Some research have suggested that tone language speakers, and in some cases, musicians, show enhanced pitch processing ability in other nonlinguistic domains such as music (Luo et al., 2007; Pfordresher and Brown, 2009; Bidelman et al., 2011; Giuliano et al., 2011). One speculation is that tone languages (compared to non-tone languages) use pitch height and pitch changes to convey lexical information, and that proficiency in a tone language requires forming strong associations between pitch changes and word meanings (Yip, 2002). As such, the acquisition of a tone language has been hypothesized to sharpen the processing of other pitch-relevant auditory features in speech and or other non-speech domains. For instance, tone-language speakers have been shown to discriminate and imitate through singing musical pitch better than non-tone language speakers both at the perceptual level (Luo et al., 2007; Pfordresher and Brown, 2009; Giuliano et al., 2011) and at the brainstem level (Bidelman et al., 2011). Along the same line, Xu et al. (2006) demonstrated that Mandarin Chinese (i.e., tone language) speakers showed similar categorical perception of the pitch contour in speech stimuli and their non-speech homologous harmonic tone, whereas English (i.e, non-tone language) speakers did not. These findings suggest that the acquisition of a tone language may possibly fine-tune the processing of non-speech auditory features such as musical pitch or frequency modulation (Xu et al., 2006; Pfordresher and Brown, 2009). The present study provides cortical evidence of a temporal window threshold within which tone language speakers were able to encode extremely fast changes in frequency sweep contours.
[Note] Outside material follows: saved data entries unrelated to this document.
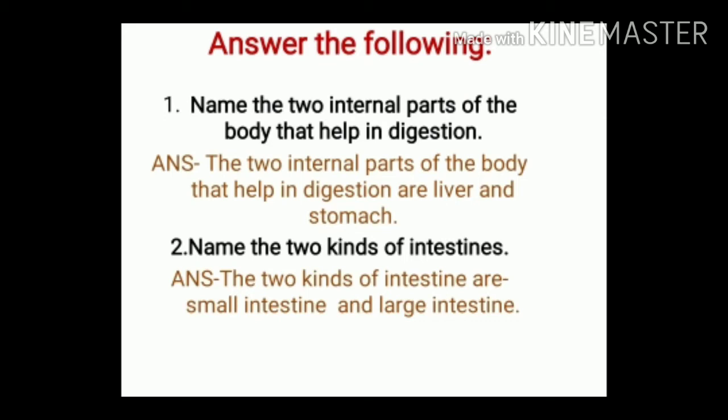Number 2: Name the two kinds of intestine. Answer: The two kinds of intestine are small intestine and large intestine.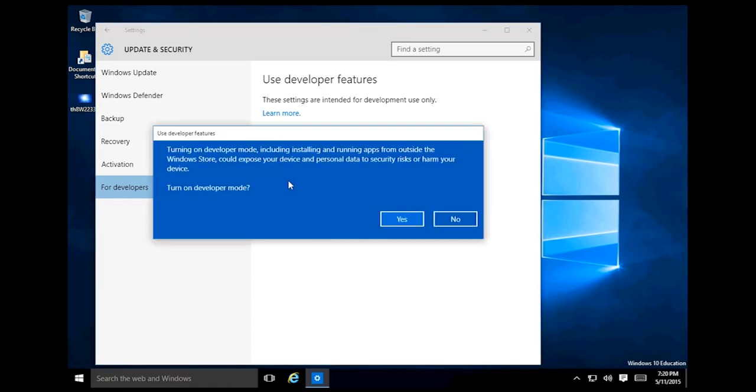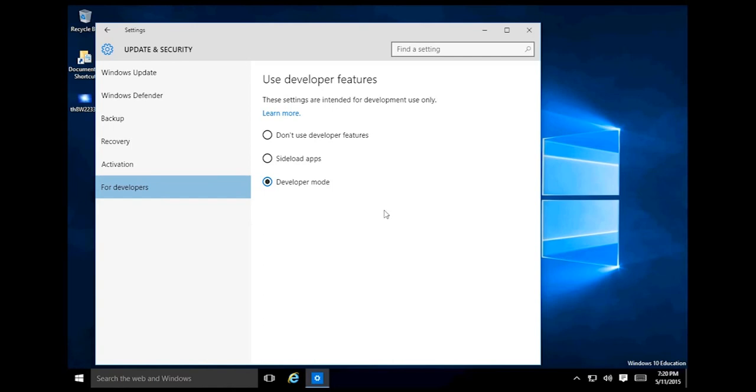Developer mode will mean that you can install and run apps from outside of the store, but you can also run them out of Visual Studio. So when you're creating apps you can just run them. Select yes and it's in developer mode.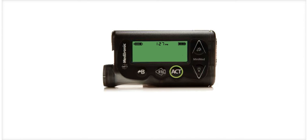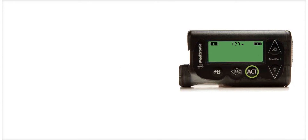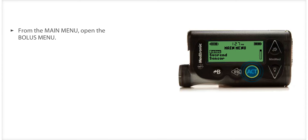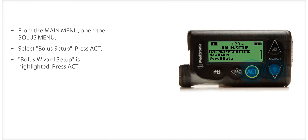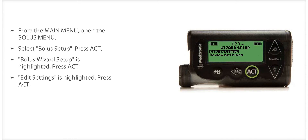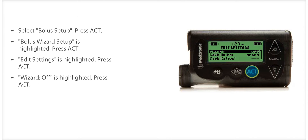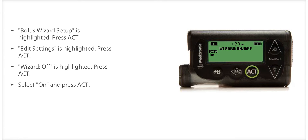The pump ships to you from the factory with the bolus wizard feature turned off. To turn the bolus wizard feature on, press ACT to open the main menu. Bolus is highlighted. Press ACT to open the bolus menu. Select Bolus Setup and press ACT. Bolus Wizard Setup is highlighted. Press ACT. Edit Settings is highlighted. Press ACT again to select Wizard, select ON, and press ACT.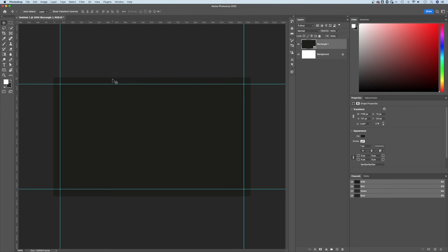You actually just save this document however you want and send it to your printer and tell them there's an eighth inch bleed. But if they need crop marks or you need that to print yourself so that you can cut it out, which I've done before when I've printed my own things, that's how you can save it out with those crop marks. And that's how you add bleed here in Photoshop.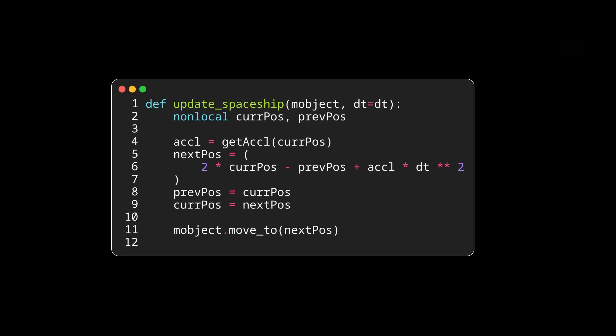Here is the code for the project. As you can see, we get the acceleration from the two planets and we add it directly into our next position using Verlet integration. Much easier than actually calculating everything manually.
Although our finding is in line with the aforementioned evidence supporting the relationship between tone language acquisition and frequency sweep encoding; the specific acoustic features that is modulated by tone-language experience requires further investigation.

Conclusion

We report a very short temporal window limit of 10 ms for the automatic tracking of a dynamic change in frequency sweep direction at the pre-attentive cortical level. The cortically evoked MMNm response is modulated systematically by sweep duration with more pronounced temporally related enhancement for rising frequency-sweep contours. Falling frequency-sweep contours elicits similar extent of mismatch negativity responses across all sweep durations. That the cortically evoked mismatch negativity response is extremely temporally sensitive and systematically affected by FM sweep direction and rate provides further evidence for the special status of FM sweep contour in speech encoding.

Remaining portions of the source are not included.